Wednesday is garbage day where I live, and because of how recycling works here, we have four separate bins. One for solid waste, one for "containers" - bottles and cans, one for compost (grass clippings basically), and one for paper. These last two are the largest, but even so, somehow the one for paper is never big enough. We get everything delivered now, and everything delivered comes in a box. Sure enough today, no matter how much I folded and stuffed, a lot of the cardboard ended up next to the paper bin when there was no more room in it... which got me thinking.
Packaging Corp of America (PKG) is an old-school, brick-and-mortar industrial business. They make corrugated boxes, containerboard, and shipping materials. Perhaps it sounds unsexy, like a relic of the past (the company's origins are more than a century old), but consider how the world actually works right now.
We live in a new age dominated by digital commerce. Every single click on a mobile app, every online shopping binge, and every supply chain shipment fundamentally relies on one thing: a box. Tech may create the order, but old industrials package it up. It's the eyesore sitting on my curb right now.
The stock is up a relatively modest 9% in 2026, but management just boosted the annual dividend by 20% to $6.00 per share, and the street consensus is the company earns 12.30 in adjusted EPS next year - roughly 18% growth YoY. With the stock trading around $225, you get a solid yield. But in a choppy, sideways macro environment, why just sit there and collect a standard payout? You can supercharge this old-economy horse using a classic, straightforward (dare I say "box stock") buy-write strategy.

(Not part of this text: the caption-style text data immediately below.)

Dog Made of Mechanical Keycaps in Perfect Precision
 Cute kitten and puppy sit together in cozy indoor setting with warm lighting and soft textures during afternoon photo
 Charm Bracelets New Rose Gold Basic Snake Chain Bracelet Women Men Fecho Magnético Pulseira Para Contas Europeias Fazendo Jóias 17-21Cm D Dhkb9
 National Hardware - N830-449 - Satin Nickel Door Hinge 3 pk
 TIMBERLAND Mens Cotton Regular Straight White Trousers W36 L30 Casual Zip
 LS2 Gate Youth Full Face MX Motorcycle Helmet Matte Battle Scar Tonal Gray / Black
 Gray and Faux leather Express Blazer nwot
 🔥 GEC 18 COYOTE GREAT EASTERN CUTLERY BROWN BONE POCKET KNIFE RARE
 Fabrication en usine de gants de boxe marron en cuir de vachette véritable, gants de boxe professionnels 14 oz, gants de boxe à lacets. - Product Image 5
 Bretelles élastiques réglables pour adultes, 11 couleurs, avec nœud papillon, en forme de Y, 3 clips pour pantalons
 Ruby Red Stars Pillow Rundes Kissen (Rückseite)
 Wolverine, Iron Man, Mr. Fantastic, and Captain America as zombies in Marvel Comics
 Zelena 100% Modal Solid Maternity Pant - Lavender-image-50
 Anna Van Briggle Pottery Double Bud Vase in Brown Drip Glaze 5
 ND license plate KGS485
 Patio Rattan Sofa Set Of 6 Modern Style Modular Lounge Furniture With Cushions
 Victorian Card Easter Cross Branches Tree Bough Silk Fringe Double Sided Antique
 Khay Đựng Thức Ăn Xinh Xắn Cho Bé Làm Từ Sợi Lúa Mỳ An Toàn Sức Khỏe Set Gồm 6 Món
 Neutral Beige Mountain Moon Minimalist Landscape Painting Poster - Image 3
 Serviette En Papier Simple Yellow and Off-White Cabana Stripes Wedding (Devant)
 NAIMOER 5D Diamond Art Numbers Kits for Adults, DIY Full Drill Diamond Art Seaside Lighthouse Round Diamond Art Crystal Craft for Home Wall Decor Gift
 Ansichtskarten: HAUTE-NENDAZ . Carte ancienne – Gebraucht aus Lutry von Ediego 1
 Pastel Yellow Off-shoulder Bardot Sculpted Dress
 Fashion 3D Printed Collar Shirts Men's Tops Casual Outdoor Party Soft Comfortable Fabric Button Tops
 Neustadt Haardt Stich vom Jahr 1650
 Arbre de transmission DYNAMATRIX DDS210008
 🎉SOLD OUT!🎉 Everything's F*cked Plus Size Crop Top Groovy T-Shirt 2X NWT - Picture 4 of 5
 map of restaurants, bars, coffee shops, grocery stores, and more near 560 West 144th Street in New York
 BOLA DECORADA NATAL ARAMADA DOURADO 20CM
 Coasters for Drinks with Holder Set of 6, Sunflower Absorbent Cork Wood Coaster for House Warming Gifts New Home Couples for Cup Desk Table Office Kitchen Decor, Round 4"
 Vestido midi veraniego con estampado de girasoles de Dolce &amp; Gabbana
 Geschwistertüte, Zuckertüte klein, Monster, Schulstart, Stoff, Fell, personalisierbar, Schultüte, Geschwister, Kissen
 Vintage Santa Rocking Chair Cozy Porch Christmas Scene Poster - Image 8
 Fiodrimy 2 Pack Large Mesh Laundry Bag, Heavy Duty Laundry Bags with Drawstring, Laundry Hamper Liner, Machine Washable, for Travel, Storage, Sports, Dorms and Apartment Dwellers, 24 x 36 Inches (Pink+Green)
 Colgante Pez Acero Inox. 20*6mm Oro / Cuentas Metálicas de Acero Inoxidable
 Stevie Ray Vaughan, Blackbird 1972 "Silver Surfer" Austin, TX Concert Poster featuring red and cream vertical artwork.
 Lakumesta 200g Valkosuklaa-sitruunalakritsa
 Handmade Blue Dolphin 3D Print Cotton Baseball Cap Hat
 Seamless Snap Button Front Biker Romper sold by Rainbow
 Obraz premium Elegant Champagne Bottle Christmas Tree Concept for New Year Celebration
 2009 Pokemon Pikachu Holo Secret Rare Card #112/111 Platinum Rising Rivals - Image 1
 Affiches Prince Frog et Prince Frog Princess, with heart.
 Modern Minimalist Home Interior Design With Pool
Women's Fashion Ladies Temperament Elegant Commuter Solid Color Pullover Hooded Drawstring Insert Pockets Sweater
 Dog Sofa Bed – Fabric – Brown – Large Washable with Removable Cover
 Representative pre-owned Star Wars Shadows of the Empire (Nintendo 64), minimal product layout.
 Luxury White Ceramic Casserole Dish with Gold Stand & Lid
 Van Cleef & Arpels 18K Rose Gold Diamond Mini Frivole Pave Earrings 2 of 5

We actually have a "double distribution" fund. Here's an example of how you can manufacture a "double dividend."
Here is the play:
- The Stock: Buy shares of Packaging Corp of America (PKG) at the current market price of around $225.
- The Option: Simultaneously sell (write) the July $250 Call against your shares.
- The Premium: Target a sale price of $2.25 per contract.
- Skill level: Beginner
By collecting that $2.25 option premium, you are pocketing an immediate cash yield equal to roughly 1% of the stock price in roughly 6 weeks.
Think about the math here. You capture the underlying stock, you position yourself for the newly increased $1.50 quarterly dividend payout, and you layer on an additional $2.25 in pure options income. If the stock trades flat or pushes moderately higher, that premium is yours to keep, effectively letting you double up on the income this name generates. Buy writing is also a great introductory strategy for anyone looking to make their first options trade.
If the market catches fire and PKG blasts past $250 by July expiration? You get called away. But guess what? You just locked in an 11% capital gain from equity appreciation, alongside your premium and dividend, in which case we can recycle another options strategy to write our way back into the name.